A really good book.......1999-09-09
Really enjoyable. This man's interraelationship with a disappearing culture and the hurdles he faced in the Arctic wilderness are tangible and detailed. Mostly this book is about a youth (his own) - lost but still remembered. I read Joseph Conrad's Youth at the same time and the themes were quite similar.
"Yes, but is it Art?".......1997-08-15
First this is a book about art. If you have ever wondered how those most beautiful Eskimo sculptures and prints have found their way to your local gallery; this book tells you how.
Mr. Houston was the first artist to recognize and search out the Inuit artforms and to deliver them to the art markets "outside". In every detail, name by name, you can read about the Inuit art culture from the very first stone figures and bone scluptures, to the latest prints.
Second this is a book about Arctic.
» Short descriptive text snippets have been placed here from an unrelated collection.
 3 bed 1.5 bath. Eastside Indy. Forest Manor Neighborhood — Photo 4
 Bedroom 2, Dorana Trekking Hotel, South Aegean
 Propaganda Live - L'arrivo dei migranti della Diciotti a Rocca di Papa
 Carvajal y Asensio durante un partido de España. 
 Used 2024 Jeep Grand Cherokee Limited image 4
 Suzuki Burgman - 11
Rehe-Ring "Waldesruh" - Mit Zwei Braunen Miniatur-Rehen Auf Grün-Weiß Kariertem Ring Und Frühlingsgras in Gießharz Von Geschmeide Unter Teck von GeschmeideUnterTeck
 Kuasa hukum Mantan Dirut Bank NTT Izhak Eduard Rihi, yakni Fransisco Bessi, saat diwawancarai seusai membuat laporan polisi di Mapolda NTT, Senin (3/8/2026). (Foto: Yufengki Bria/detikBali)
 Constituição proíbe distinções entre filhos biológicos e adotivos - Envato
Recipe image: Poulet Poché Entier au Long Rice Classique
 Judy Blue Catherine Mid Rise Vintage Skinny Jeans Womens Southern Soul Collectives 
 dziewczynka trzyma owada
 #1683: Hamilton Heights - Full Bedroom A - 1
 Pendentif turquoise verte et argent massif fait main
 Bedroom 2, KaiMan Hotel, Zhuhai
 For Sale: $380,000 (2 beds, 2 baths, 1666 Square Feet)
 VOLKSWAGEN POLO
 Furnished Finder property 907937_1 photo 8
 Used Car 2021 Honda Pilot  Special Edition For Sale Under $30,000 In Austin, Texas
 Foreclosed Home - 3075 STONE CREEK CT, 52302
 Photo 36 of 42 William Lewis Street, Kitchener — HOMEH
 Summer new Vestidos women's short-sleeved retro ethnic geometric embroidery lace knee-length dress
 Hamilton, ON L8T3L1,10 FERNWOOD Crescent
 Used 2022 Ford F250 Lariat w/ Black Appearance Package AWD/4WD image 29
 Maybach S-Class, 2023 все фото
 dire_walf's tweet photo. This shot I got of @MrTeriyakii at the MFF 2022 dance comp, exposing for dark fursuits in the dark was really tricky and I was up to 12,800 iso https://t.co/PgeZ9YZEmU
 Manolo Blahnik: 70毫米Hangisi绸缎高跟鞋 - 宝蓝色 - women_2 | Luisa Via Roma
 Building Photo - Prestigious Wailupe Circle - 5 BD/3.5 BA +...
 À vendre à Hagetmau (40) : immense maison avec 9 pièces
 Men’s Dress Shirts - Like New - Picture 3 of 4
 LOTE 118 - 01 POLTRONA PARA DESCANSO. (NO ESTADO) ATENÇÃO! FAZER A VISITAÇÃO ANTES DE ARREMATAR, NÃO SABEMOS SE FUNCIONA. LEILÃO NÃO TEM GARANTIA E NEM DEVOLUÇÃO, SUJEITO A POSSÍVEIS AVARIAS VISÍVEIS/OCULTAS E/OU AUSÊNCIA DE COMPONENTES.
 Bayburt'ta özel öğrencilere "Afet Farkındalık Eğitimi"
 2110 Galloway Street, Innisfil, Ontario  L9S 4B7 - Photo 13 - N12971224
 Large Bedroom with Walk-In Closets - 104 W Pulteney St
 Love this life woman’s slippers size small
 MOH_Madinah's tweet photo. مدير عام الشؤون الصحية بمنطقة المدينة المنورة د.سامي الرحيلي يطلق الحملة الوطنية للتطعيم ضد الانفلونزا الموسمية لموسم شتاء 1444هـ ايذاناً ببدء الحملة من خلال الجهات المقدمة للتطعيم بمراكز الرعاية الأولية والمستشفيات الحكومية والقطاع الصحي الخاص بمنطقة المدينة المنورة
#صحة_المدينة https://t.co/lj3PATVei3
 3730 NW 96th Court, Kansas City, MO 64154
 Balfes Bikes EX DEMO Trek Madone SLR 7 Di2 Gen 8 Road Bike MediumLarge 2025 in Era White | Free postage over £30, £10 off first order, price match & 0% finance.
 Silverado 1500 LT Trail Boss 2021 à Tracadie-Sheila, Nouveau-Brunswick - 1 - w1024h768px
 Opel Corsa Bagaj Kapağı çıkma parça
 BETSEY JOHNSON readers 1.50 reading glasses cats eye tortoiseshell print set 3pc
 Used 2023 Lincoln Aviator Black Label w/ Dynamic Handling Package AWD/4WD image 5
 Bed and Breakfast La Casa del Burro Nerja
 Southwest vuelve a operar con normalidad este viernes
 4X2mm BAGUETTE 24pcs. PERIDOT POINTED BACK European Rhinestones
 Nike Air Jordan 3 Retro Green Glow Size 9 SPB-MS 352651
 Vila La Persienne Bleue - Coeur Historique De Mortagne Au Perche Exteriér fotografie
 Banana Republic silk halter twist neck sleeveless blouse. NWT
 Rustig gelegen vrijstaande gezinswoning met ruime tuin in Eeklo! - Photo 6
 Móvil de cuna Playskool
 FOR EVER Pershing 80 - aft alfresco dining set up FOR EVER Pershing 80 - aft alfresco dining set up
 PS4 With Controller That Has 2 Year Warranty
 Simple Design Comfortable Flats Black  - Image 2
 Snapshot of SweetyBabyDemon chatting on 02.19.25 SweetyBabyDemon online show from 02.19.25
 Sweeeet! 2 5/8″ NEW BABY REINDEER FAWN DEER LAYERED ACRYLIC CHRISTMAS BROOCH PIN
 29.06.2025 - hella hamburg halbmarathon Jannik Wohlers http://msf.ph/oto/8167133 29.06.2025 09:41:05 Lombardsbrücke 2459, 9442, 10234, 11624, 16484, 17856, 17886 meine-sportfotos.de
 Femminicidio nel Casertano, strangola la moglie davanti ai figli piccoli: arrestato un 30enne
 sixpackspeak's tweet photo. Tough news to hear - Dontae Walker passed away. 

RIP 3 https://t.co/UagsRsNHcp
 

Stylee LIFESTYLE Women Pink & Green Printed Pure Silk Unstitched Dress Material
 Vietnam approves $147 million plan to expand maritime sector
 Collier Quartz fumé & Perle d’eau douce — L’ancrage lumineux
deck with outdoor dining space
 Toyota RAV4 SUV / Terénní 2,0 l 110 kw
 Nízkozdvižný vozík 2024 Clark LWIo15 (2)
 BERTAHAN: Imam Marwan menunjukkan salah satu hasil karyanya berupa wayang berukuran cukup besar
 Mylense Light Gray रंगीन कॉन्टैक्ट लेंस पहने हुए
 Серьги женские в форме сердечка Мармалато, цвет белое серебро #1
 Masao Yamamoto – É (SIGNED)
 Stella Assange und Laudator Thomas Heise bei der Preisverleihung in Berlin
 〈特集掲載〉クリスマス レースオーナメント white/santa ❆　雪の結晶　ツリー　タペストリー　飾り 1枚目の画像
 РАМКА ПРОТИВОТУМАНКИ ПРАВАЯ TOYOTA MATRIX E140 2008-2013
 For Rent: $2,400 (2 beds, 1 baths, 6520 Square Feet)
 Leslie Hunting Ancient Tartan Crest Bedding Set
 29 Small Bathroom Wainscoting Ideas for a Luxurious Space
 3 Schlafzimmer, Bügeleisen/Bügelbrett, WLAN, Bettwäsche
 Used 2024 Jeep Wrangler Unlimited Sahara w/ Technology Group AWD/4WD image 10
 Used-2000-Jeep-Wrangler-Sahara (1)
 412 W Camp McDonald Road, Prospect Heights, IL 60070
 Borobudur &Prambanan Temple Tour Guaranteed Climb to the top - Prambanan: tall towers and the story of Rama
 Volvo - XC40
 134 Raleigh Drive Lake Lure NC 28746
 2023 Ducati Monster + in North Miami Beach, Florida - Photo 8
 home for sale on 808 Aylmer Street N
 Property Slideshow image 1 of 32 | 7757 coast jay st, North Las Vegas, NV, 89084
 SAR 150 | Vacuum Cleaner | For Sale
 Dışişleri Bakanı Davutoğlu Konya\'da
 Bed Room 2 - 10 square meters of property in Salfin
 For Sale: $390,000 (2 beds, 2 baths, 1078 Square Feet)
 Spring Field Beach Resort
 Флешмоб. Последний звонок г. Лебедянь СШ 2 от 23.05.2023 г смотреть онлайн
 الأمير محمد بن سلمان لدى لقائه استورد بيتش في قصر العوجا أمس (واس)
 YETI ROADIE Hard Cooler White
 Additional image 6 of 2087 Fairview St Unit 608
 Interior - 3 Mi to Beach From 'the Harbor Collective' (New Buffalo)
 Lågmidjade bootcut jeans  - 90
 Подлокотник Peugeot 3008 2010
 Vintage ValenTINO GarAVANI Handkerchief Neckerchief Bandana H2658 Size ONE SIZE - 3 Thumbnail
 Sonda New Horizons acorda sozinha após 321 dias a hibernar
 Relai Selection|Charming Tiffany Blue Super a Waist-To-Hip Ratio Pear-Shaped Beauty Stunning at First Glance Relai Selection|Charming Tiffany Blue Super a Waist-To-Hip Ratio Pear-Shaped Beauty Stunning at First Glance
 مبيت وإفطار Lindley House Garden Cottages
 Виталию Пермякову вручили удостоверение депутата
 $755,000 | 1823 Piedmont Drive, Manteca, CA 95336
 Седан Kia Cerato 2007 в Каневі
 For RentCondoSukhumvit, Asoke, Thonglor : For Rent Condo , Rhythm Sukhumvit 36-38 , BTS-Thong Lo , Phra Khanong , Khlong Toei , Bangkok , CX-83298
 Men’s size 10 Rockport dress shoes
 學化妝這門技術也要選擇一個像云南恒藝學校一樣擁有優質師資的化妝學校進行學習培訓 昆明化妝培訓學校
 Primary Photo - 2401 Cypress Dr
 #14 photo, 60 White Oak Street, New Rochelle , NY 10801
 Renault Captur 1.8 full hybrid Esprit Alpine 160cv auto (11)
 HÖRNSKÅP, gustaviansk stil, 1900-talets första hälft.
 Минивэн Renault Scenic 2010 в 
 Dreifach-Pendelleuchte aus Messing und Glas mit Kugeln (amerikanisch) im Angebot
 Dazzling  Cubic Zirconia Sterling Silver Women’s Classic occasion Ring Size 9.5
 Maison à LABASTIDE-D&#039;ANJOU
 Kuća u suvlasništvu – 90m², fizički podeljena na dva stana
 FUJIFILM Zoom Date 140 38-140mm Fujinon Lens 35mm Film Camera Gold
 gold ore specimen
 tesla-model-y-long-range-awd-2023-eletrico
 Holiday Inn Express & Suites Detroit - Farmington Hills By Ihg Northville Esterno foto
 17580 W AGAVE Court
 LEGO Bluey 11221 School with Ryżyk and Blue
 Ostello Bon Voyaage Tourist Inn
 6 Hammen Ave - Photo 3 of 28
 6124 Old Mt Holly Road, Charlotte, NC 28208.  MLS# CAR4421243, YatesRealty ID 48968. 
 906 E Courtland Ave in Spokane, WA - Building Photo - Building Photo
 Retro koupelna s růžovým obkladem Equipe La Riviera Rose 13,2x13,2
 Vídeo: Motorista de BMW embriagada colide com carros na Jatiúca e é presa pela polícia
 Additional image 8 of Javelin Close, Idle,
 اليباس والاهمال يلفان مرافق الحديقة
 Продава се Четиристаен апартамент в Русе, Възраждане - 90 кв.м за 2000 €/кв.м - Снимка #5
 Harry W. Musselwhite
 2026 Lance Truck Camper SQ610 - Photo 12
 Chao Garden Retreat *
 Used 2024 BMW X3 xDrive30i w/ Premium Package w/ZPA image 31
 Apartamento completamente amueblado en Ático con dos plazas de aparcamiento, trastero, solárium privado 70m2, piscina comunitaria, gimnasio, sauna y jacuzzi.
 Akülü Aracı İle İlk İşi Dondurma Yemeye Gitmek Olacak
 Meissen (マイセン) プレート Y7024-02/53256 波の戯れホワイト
Adventure on a epic scale. Mr. Houstons' honeymoon was one of the very few trips from east to west across Baffin Island by sled. Mr and Mrs. Houston spent years in the Arctic living in the Inuit way; both their sons spoke Inuktitut in preference to English and preferred raw seal meat to... well that was all there was to eat.
Sadly there are in this book no prints of the Inuit art, nor photos of the artists, nor any example of the art described in the text. For all the journeys by sled, boat, plane, and on foot there are no suitable maps. For a book about a culture that is so completely linked to geography, there are no maps for the reader to follow nor plates for the art lover to love.
The most astonsihing event of the book occurs on page 9. A very young Mr. Houston steps off of a plane in the Hudson's Bay Arctic, looks around, and flatly refuses to live any place else; He stays for 15 years.
You can add Mr. Houston to the list with Barry Lopez, William Vollmann , Farley Mowat, and John McPhee; thoes writers that get the Arctic Expericence
Gripping, non-judgemental, true-life narrative........1997-06-12
This is one of the finest first-person, historical
narratives I've read for many years. Mr. Houston
provides a unique, non-judgemental series of
observations and first-hand stories about the
Inuit and his own experiences living among them
and working with them and, most importantly,
learning from them.
He is very honest in relating his own foibles
and potentially life-threatening mistakes. His
style is very easy to read and personal and I could not put this book down after starting it.
Mr. Houston lived a highly privileged and unique
life among a pre-literate but very evolved group
during a crucial turning point for their culture.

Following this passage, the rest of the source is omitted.